GPU image data. wraps id<MTLTexture>.

method signature semantics
width (&self) -> usize width in pixels
height (&self) -> usize height in pixels
depth (&self) -> usize depth (3D textures)
pixel_format (&self) -> usize MTLPixelFormat value
replace_region unsafe (&self, region, mipmap, data, bytes_per_row) write data to region
get_bytes unsafe (&self, data, bytes_per_row, region, mipmap) read data from region

apple mapping

method ObjC
width [texture width]
height [texture height]
depth [texture depth]
pixel_format [texture pixelFormat]
replace_region [texture replaceRegion:mipmapLevel:withBytes:bytesPerRow:]
get_bytes [texture getBytes:bytesPerRow:fromRegion:mipmapLevel:]

synchronization

fence

GPU work tracking within a single command buffer.

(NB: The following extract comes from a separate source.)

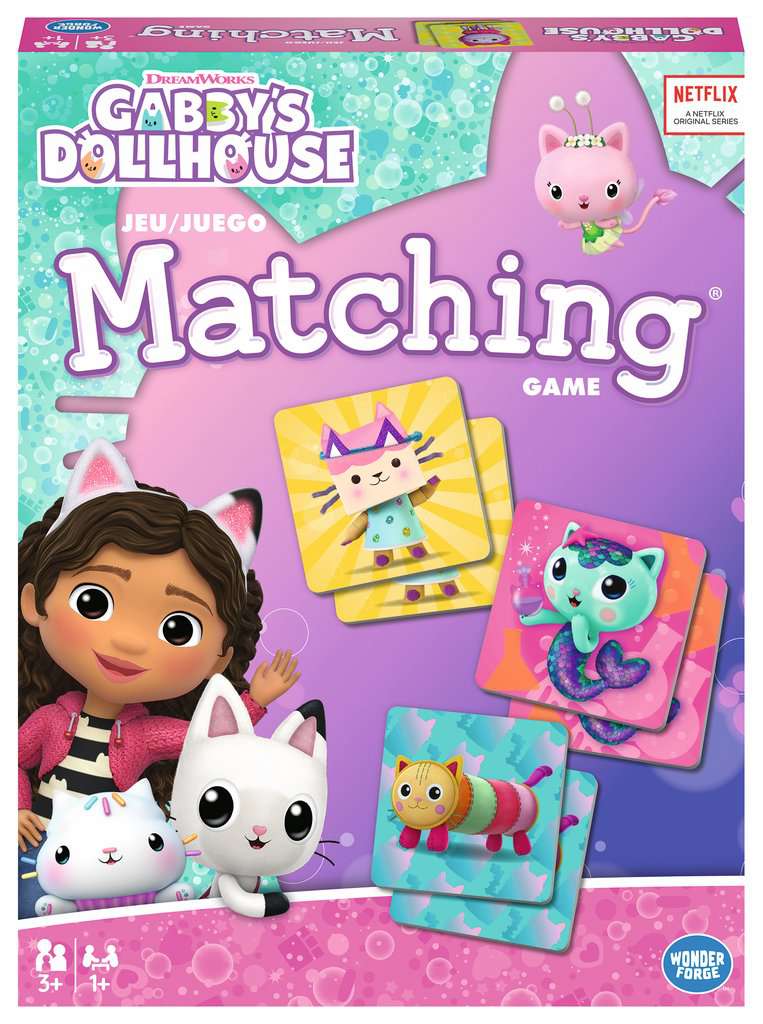 Gabby's Dollhouse Matching, Children's Games, Games, Products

method signature semantics
as_raw (&self) -> ObjcId raw pointer for encoder fence ops

event

synchronization between command buffers on same device.

method signature semantics
as_raw (&self) -> ObjcId raw pointer for command buffer signal/wait

shared event

CPU/GPU synchronization with monotonic counter.

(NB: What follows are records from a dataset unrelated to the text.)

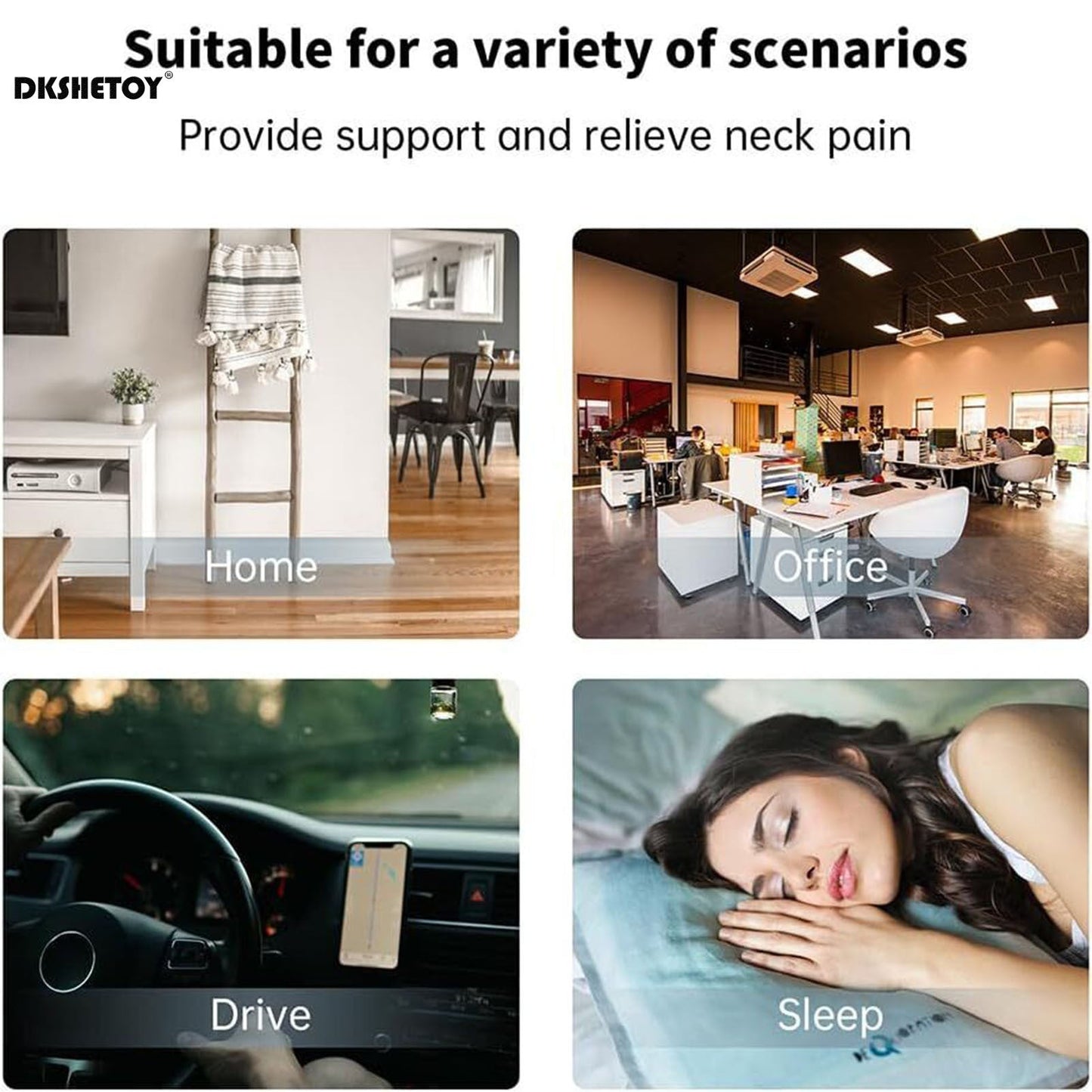 Soft Foam Cervicorrect neck brace cervical traction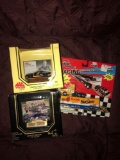 Nascar 1/87 racing team transporter/Ward Burton limited edition-Rusty Wallace limited edition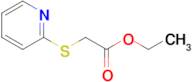 Ethyl 2-(pyridin-2-ylsulfanyl)acetate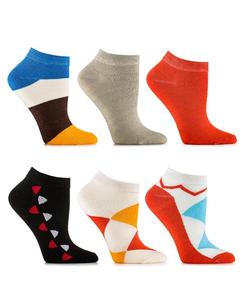 Женские короткие носки Blush Canary, набор из 6 пар Gallery Seven, Blush  canary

method signature semantics
signaled_value (&self) -> u64 current signaled counter value
as_raw (&self) -> ObjcId raw pointer

conversion

fp16<->f32 via inline NEON assembly (aarch64) with software fallback.

function signature semantics
fp16_to_f32 (u16) -> f32 single half -> single precision
f32_to_fp16 (f32) -> u16 single -> half precision
cast_f16_f32 (&mut [f32], &[u16]) bulk half -> single (32/iter, 4x unrolled NEON)
cast_f32_f16 (&mut [u16], &[f32]) bulk single -> half (32/iter, 4x unrolled NEON)

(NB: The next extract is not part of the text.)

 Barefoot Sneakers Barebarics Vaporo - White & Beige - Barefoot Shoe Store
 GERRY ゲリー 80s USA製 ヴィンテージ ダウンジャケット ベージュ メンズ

tail: 8/iter NEON, then scalar fallback.

autorelease pool

autorelease_pool(|| {
    // autoreleased ObjC objects valid here
})

required when using unretained/autoreleased command buffer and encoder variants.

errors

DeviceNotFound              no Metal GPU available
BufferCreationFailed(String) buffer allocation failed
LibraryCompilationFailed(String) MSL compilation error
FunctionNotFound(String)    shader function not in library
PipelineCreationFailed(String) pipeline creation error
CommandBufferError(String)  command buffer execution error
EncoderCreationFailed       encoder creation failed
QueueCreationFailed         command queue creation failed
TextureCreationFailed(String) texture creation failed
Io(io::Error)               filesystem error

execution model

  • one pipeline = one compiled shader function
  • command buffers submitted atomically via commit
  • GPU executes command buffers in order per queue
  • multiple queues enable concurrent GPU work
  • shared buffers need no synchronization between command buffer boundaries
  • private buffers need blit encoder for CPU data transfer
  • dispatch_threads handles non-uniform grids automatically
  • dispatch_threadgroups requires manual grid division
  • Dispatch bypasses objc_msgSend for hot-loop performance

driver stack

aruminium crate (objc_msgSend FFI + IMP resolution)
  -> Metal.framework (linked at build time)
    -> GPU driver
      -> GPU hardware

Metal.framework is public. linked via #[link(name = "Metal", kind = "framework")]. core path: objc_msgSend with transmuted function pointers. hot path: pre-resolved IMP via class_getMethodImplementation.

render pipeline

raster path. mirrors compute: RenderPipelinePipeline, RenderEncoderEncoder.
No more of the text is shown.